Tuesday, December 28, 2010

189 (2010 #54). The Lady in the Tower

by Alison Weir,
read by Judith Boyd

I picked up this book at the local public library because I've enjoyed Alison Weir's other forays into fiction.  It turns out this book had been misclassified by the library as fiction - it's really a partial biography - but I found it pretty easy to follow even in audiobook format.

Subtitled "The Fall of Anne Boleyn,"  the book concentrates on that four-month period at the end of her life in 1536.  In her preface, Weir states that the book "is based largely on original sources, and that the conclusions in it are my own, sometimes reached objectively after reading the various theories" of what led to Anne's fall.  Weir notes that she "questioned all my preconceptions and assumptions, and sometimes had to revise them, which of course exposes errors in my own previous books," (two on Henry VIII that discussed Anne at length).

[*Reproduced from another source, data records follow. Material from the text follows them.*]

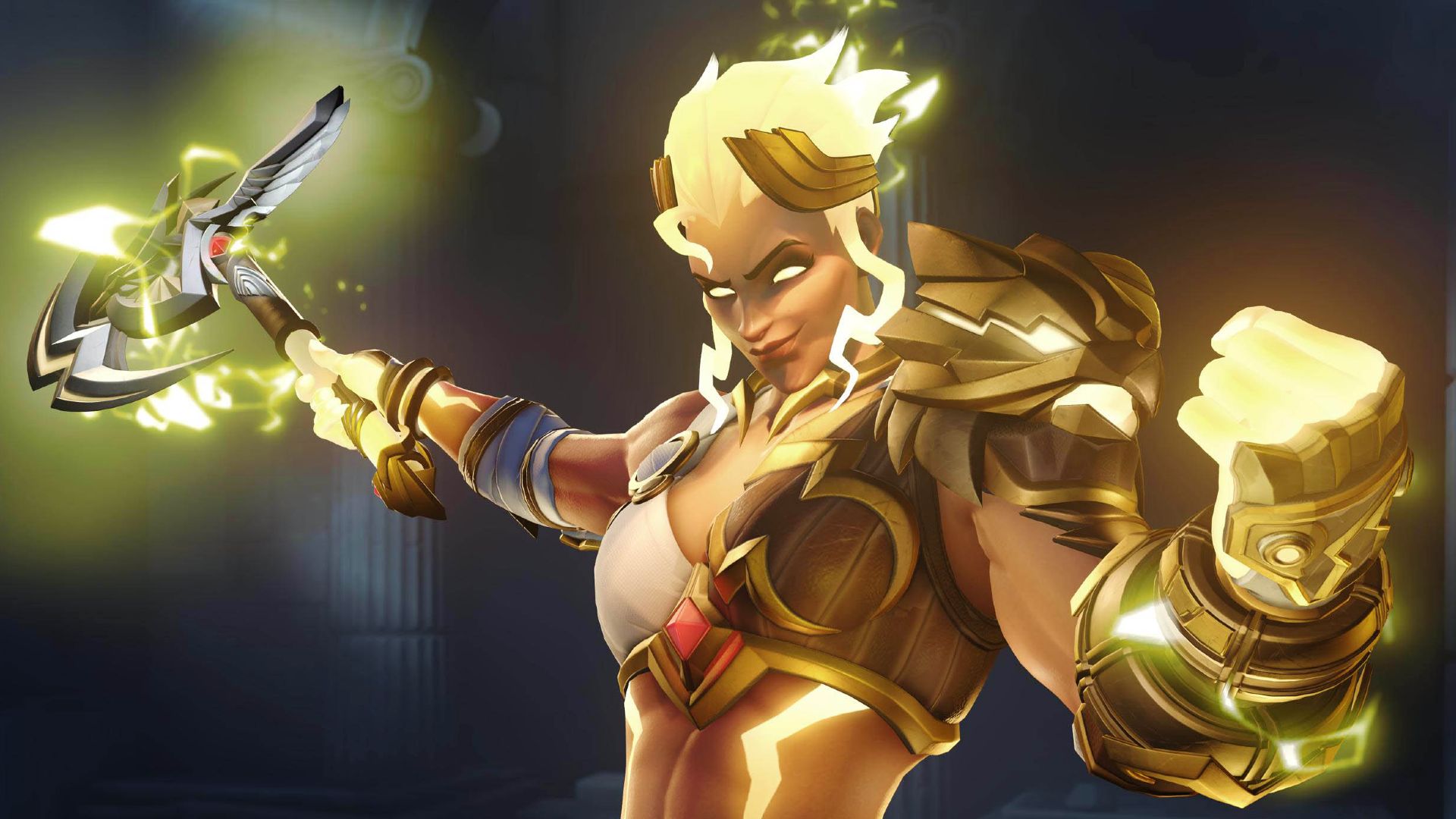 Overwatch 2 battle pass pricing, Season 2 rewards, and more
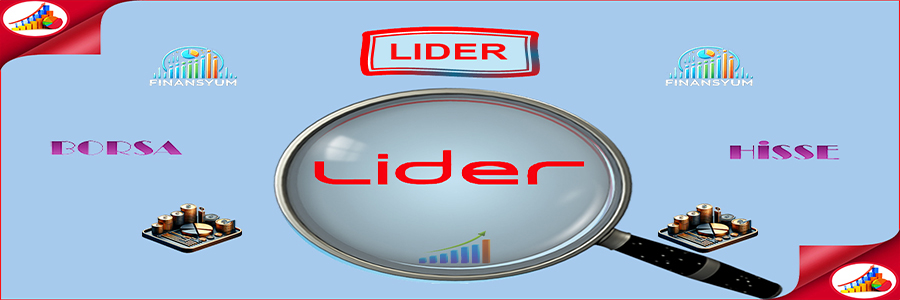 LIDER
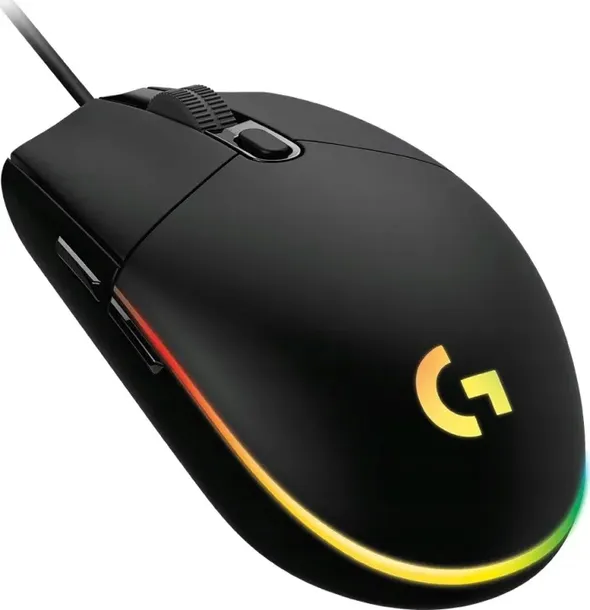 mysz-logitech-g102-lightsync-kolor-czarny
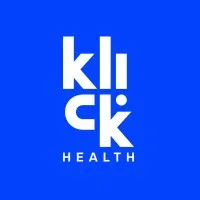 Klick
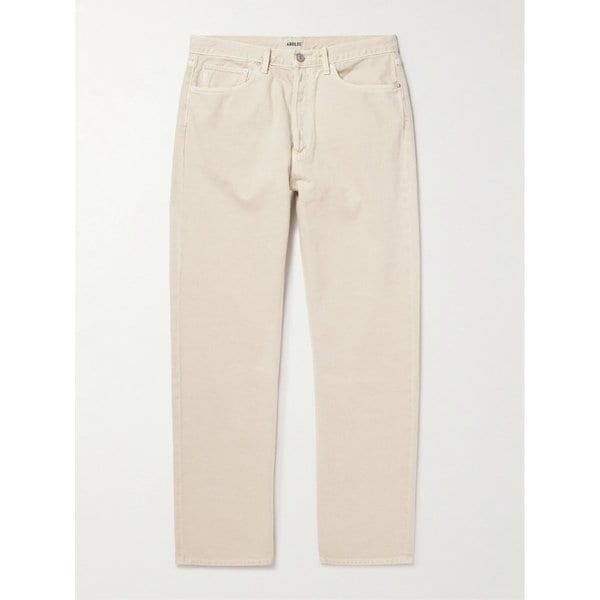 90년대 스트레이트 진 46376663162994903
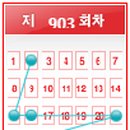 1번지복권방 이미지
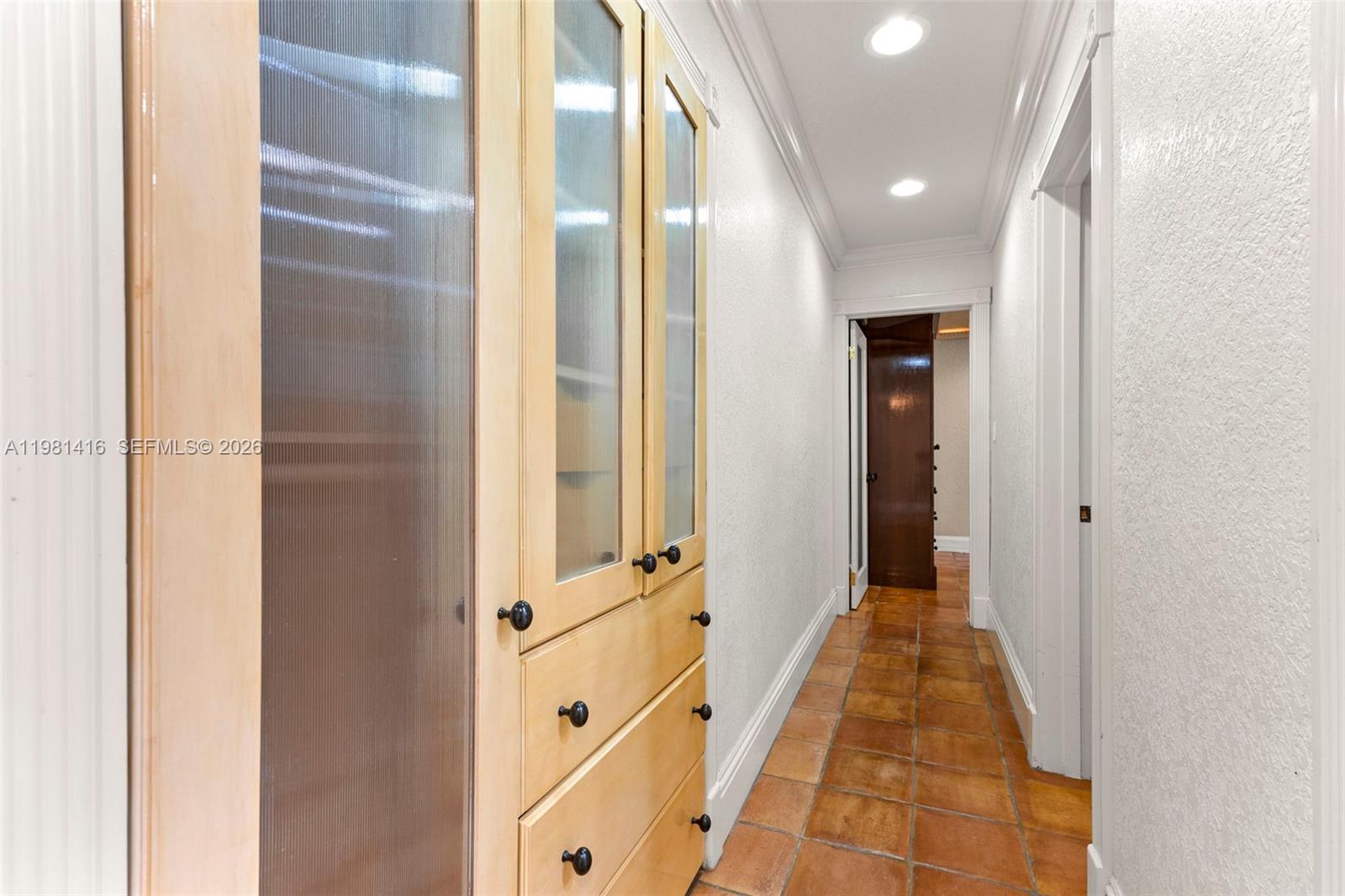 Undisclosed Address Pembroke Pines, FL 33026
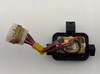 1990-1997 Mazda Miata Power Window Switch / Automatic Transmission /   NA116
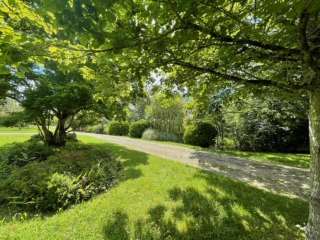 Vente maison 14 pièces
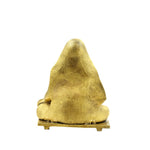 Raghavendra Swamy Sitting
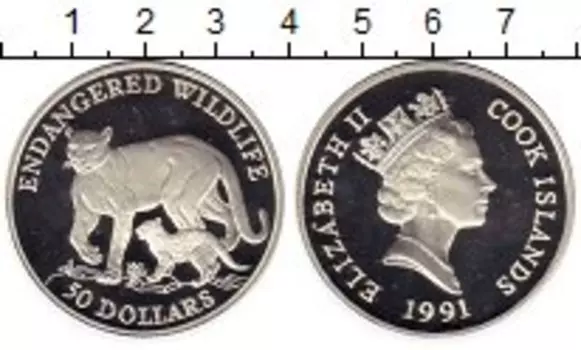 Монеты Клуб Нумизмат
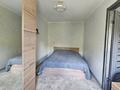 2-бөлмелі пәтер · 39.2 м² · 3/5 қабат, Протозанова 51, бағасы: 16.9 млн ₸ в Усть-Каменогорске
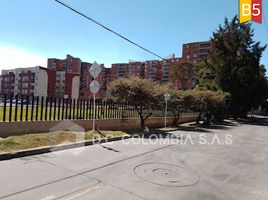  Land for sale in Santafé Mall (Centro Comercial Santafé Bogotá), Bogota, Bogota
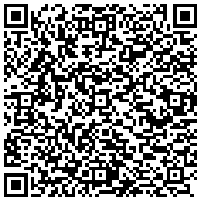 QR Code for bitcoin:bitcoin:bitcoin:bitcoin:bitcoin:bitcoin:bitcoin:bitcoin:bitcoin:bitcoin:bitcoin:bitcoin:bitcoin:bitcoin:bitcoin:bitcoin:bitcoin:bitcoin:bitcoin:bitcoin:dash:XuggcdwCFY9LHgrsyrAEdtFocEdP5HoeKX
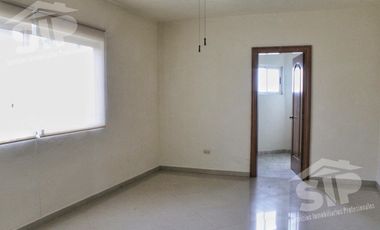 Residencia  en Venta en Villas de  San Miguel Saltillo
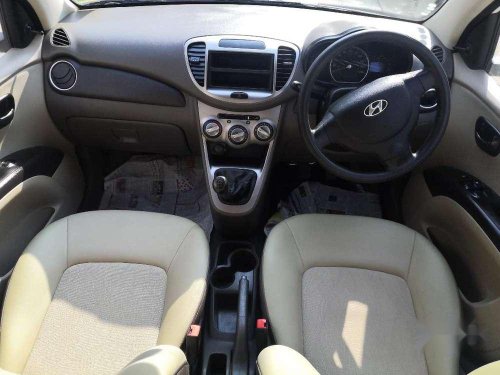 Used Hyundai i10 Magna 1.1 2014 MT for sale in Ahmedabad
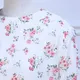 Modest Abaya Designs Eries 5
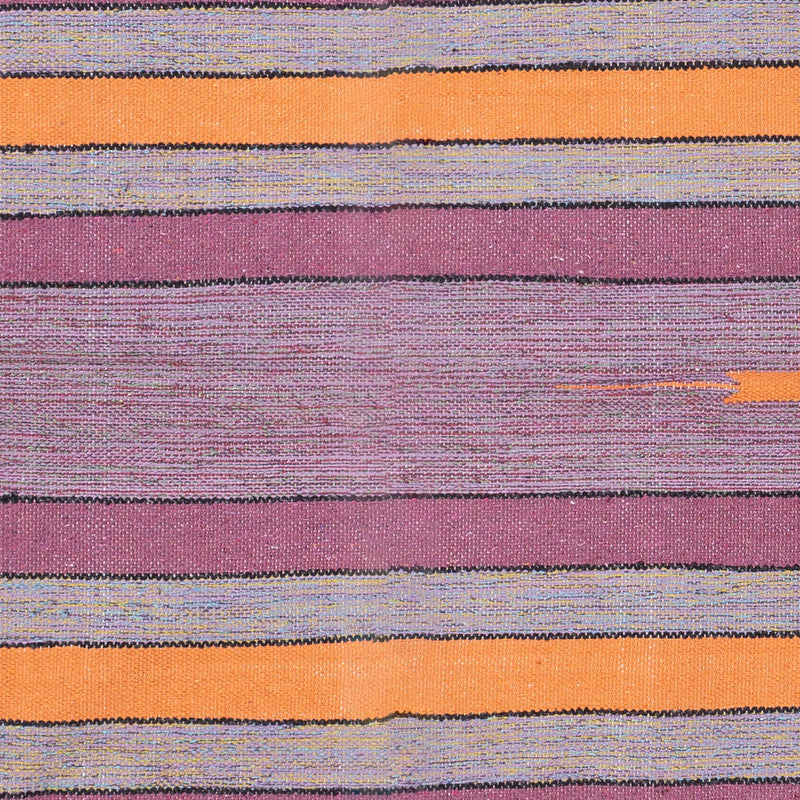 Moderne kilim Teppe 180x120cm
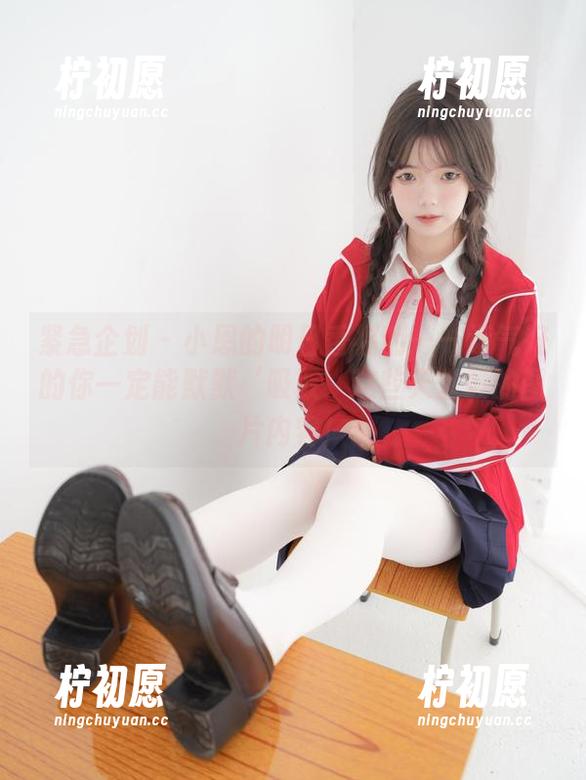 紧急企划 - 小恩的明日香福利——运气好的你一定能默默‘吸取’这些天堂般的图片内容！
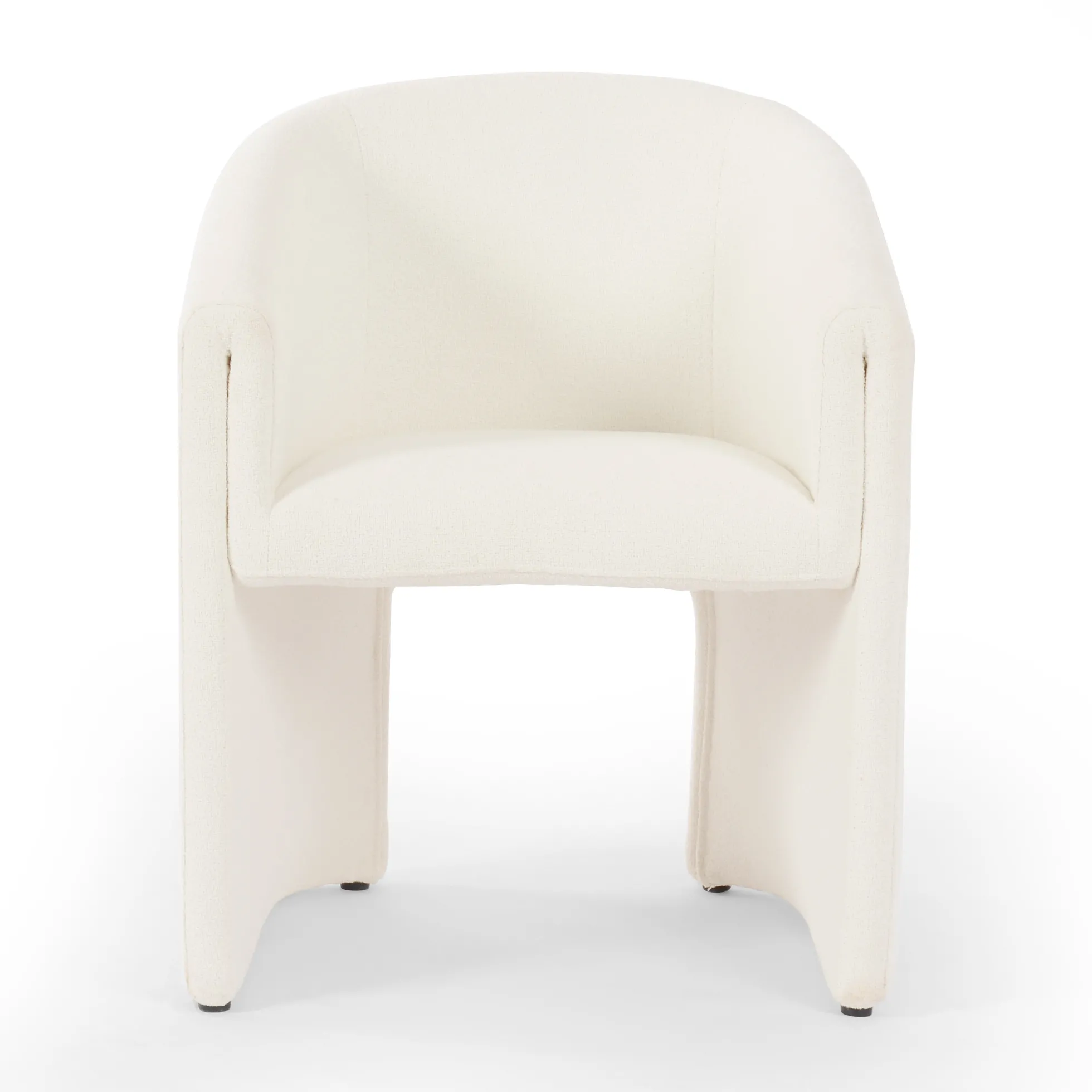 Moore Dining Chair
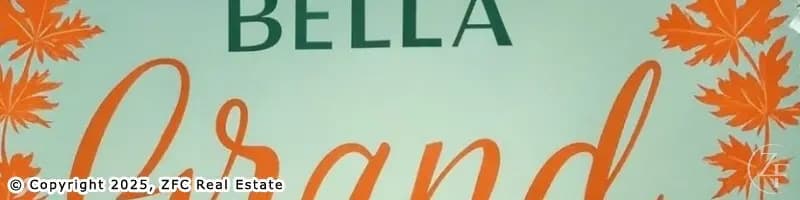 Bella Grand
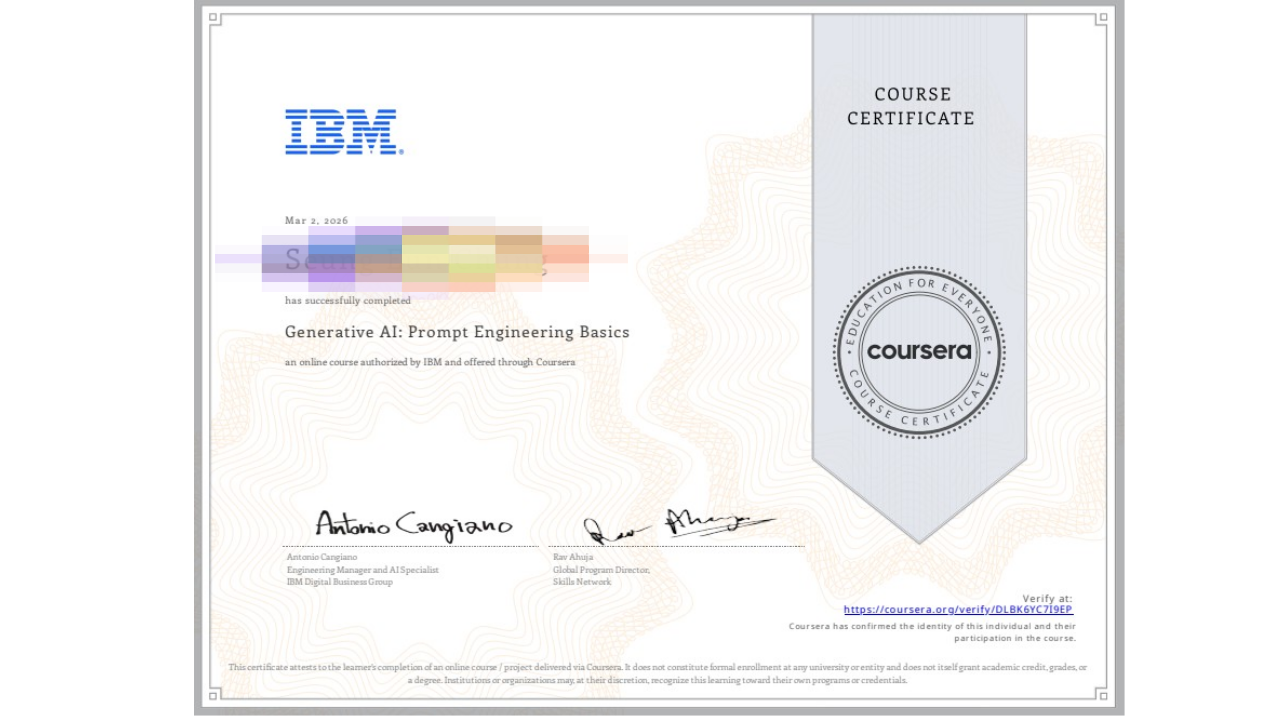 책갈피의 지혜 이미지 모음  (3).png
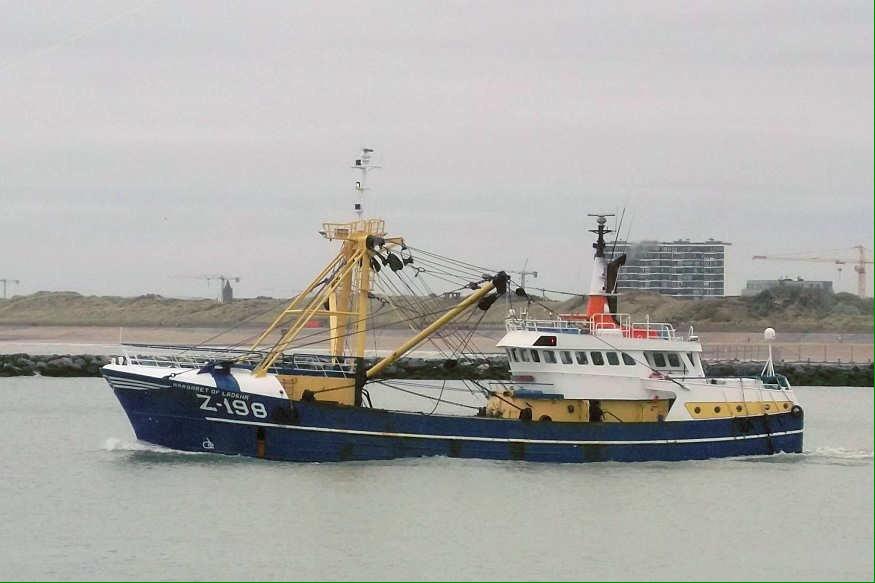 esu_urk's tweet photo. Heeft weer de nieuwste cruisecontrol van Electroservice Urk bv.
Dat word brandstof besparen http://t.co/FYdc20AqwE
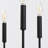 6-Light Dimmable Classic Chandelier-769581010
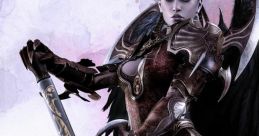 Aion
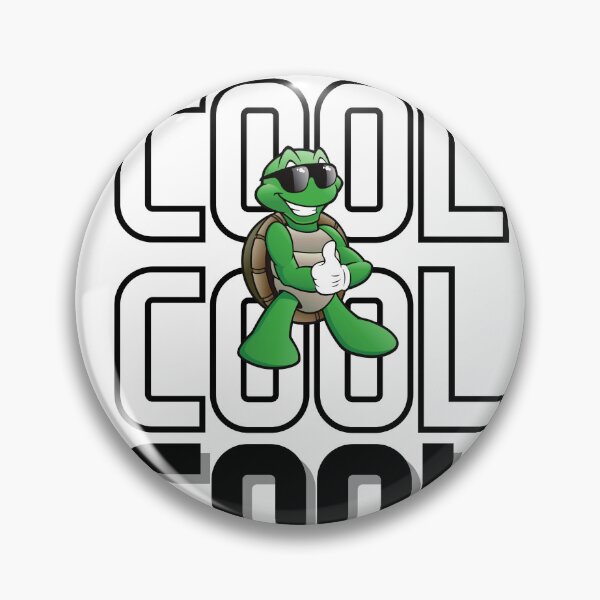 Item preview, Stay cool everywhere designed and sold by Dwarf7.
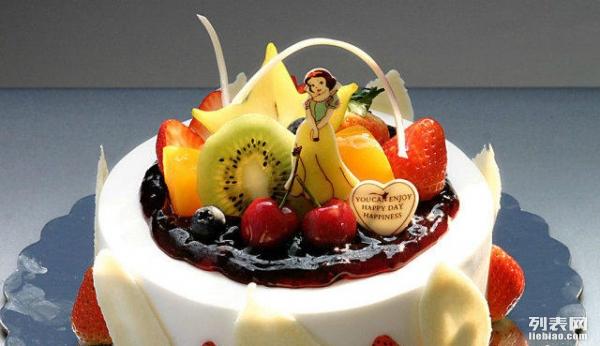 最新蛋糕房轉(zhuǎn)讓信息，甜蜜創(chuàng)業(yè)機(jī)會與挑戰(zhàn)，開啟你的事業(yè)人生之旅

British actress Judith Boyd does a wonderful job making Weir's well-written nonfiction prose even more lively and interesting.  Nevertheless, I'd recommend a print copy of the book in addition to or instead of the audiobook, to have access to Weir's preface, the many illustrations (most color plates), genealogical tables, and her notes on (and evaluations of) some of her sources, as well as a select bibliography, complete end notes and references, and the index.

© Amanda Pape - 2010

[This audiobook and hardbound copy were borrowed from and returned to my local public library.]